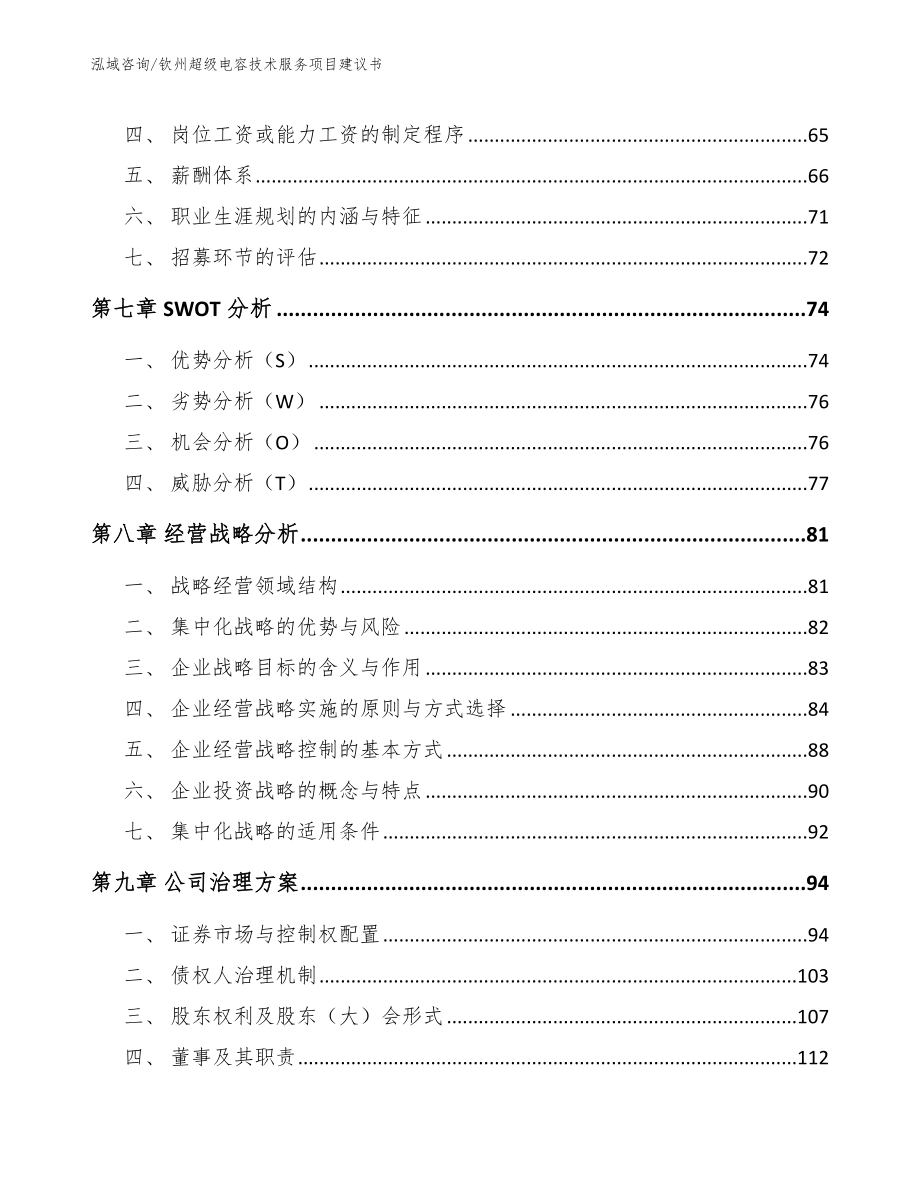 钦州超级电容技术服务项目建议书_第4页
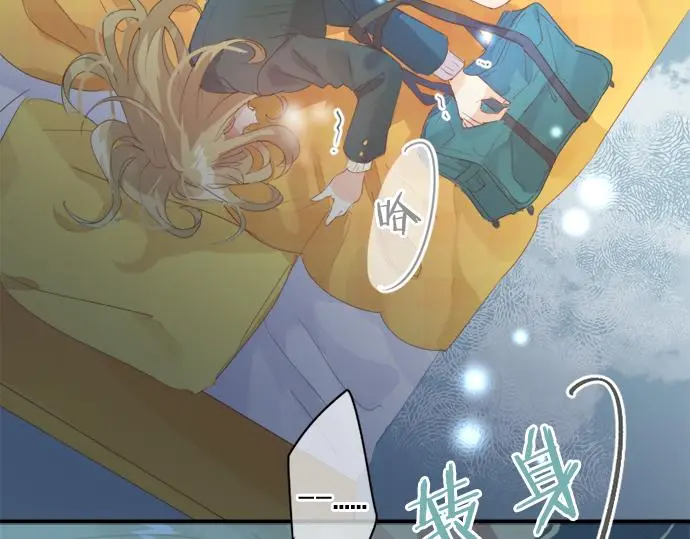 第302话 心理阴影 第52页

..........

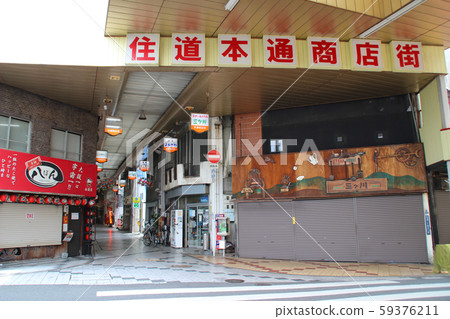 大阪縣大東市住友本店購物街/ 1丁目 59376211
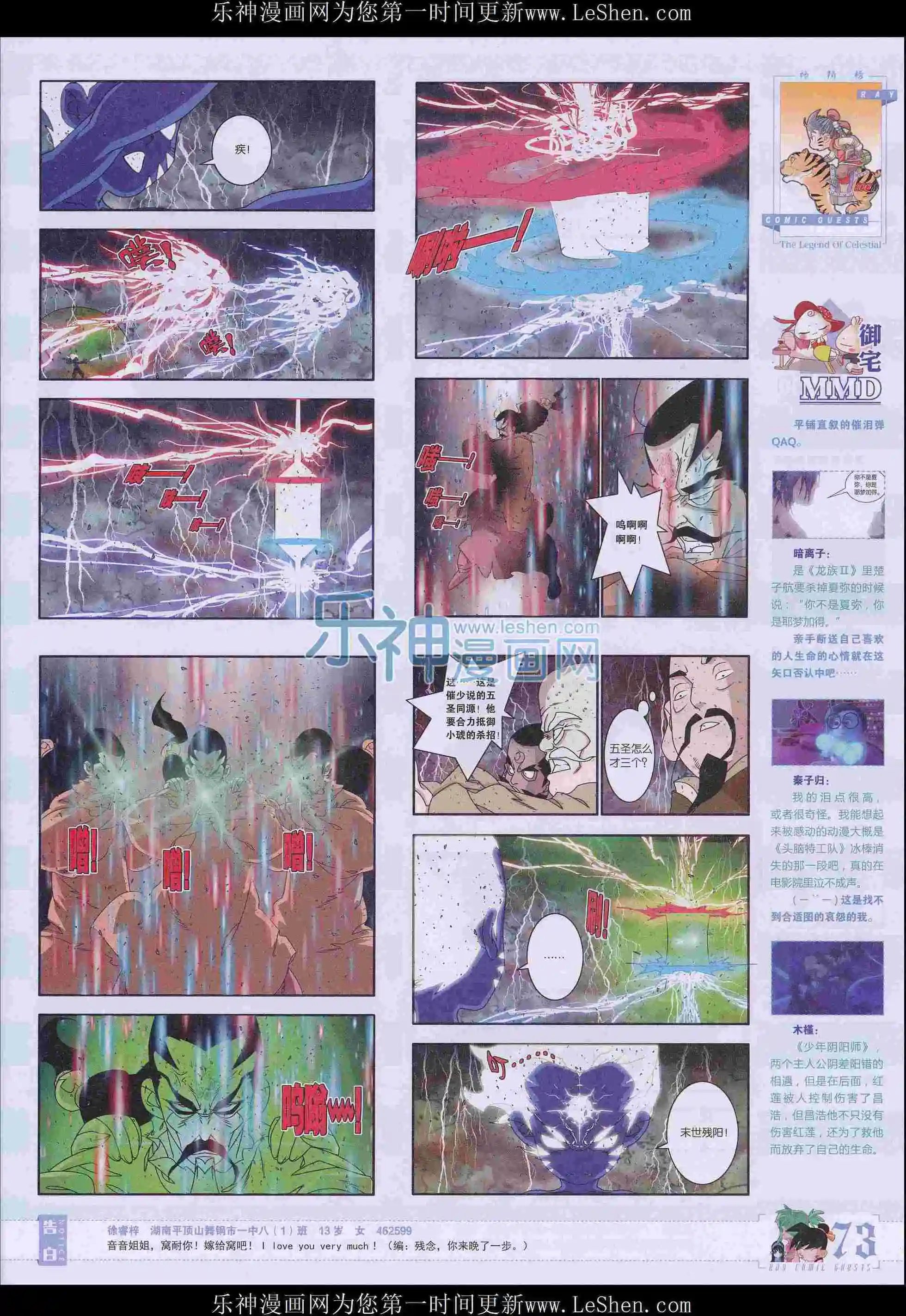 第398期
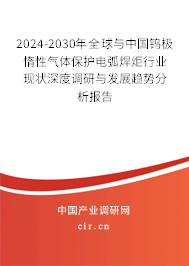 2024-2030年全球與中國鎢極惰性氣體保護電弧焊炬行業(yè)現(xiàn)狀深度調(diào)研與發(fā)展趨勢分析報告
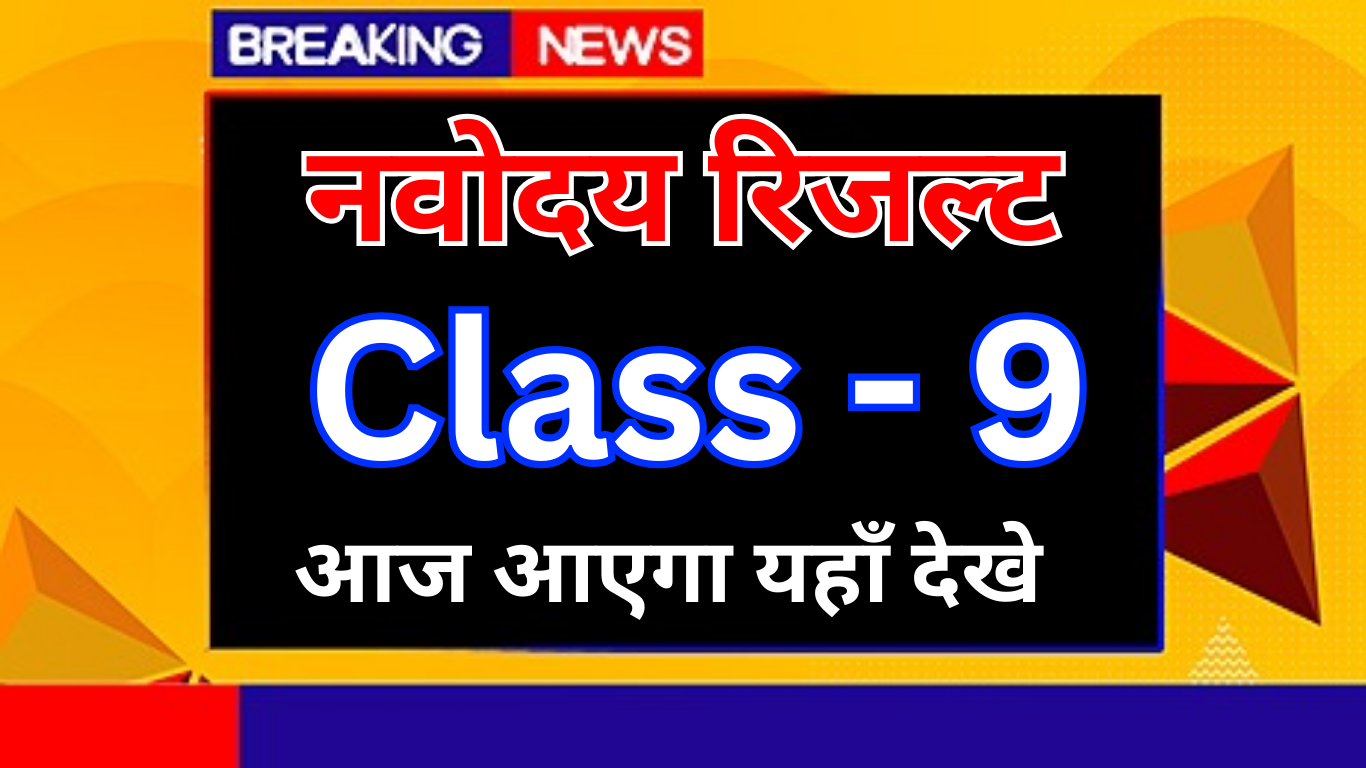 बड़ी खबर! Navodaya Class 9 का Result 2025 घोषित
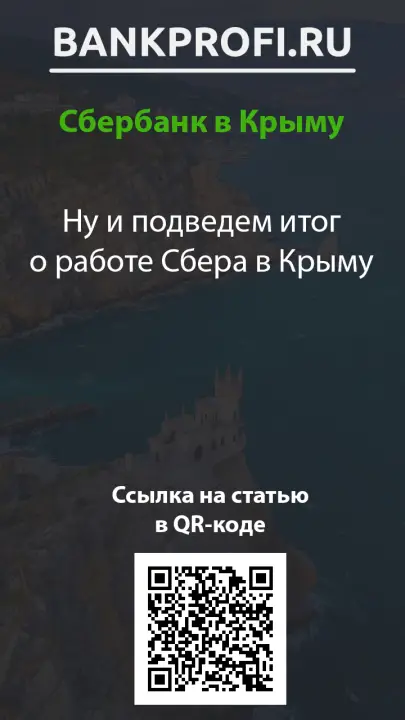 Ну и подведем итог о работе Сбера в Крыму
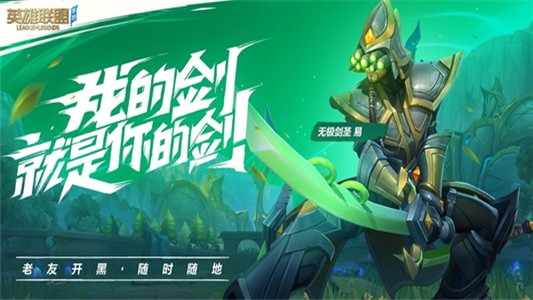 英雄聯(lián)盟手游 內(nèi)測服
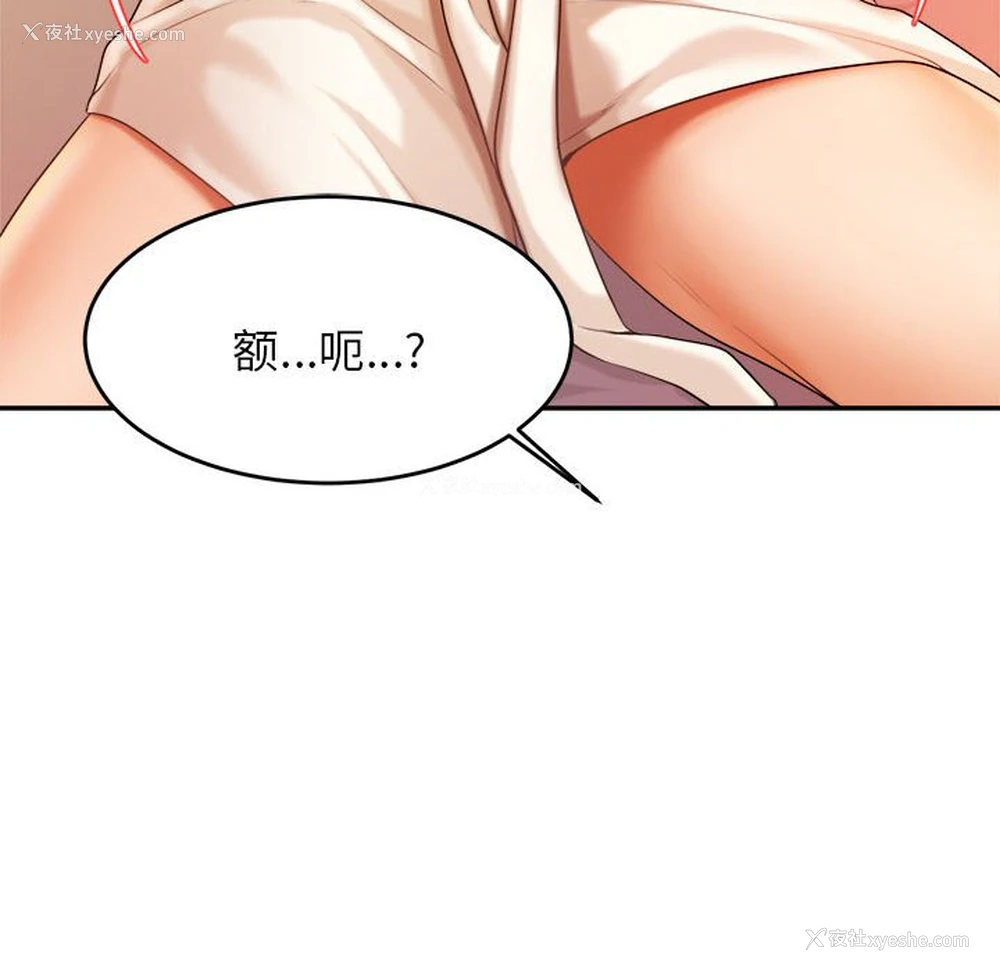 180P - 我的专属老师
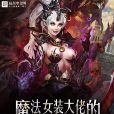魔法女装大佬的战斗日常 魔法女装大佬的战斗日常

..........

◆ Problem requirements
What you write must match the listing exactly, from the line with "बड़ी खबर! Navodaya" up to and including the line with "魔法女装大佬的战斗日常 魔法女装大佬的战斗日常". Pictures stay out.

◆ Result of the exercise
 बड़ी खबर! Navodaya Class 9 का Result 2025 घोषित
 Ну и подведем итог о работе Сбера в Крыму
 英雄聯(lián)盟手游 內(nèi)測服
 180P - 我的专属老师
魔法女装大佬的战斗日常 魔法女装大佬的战斗日常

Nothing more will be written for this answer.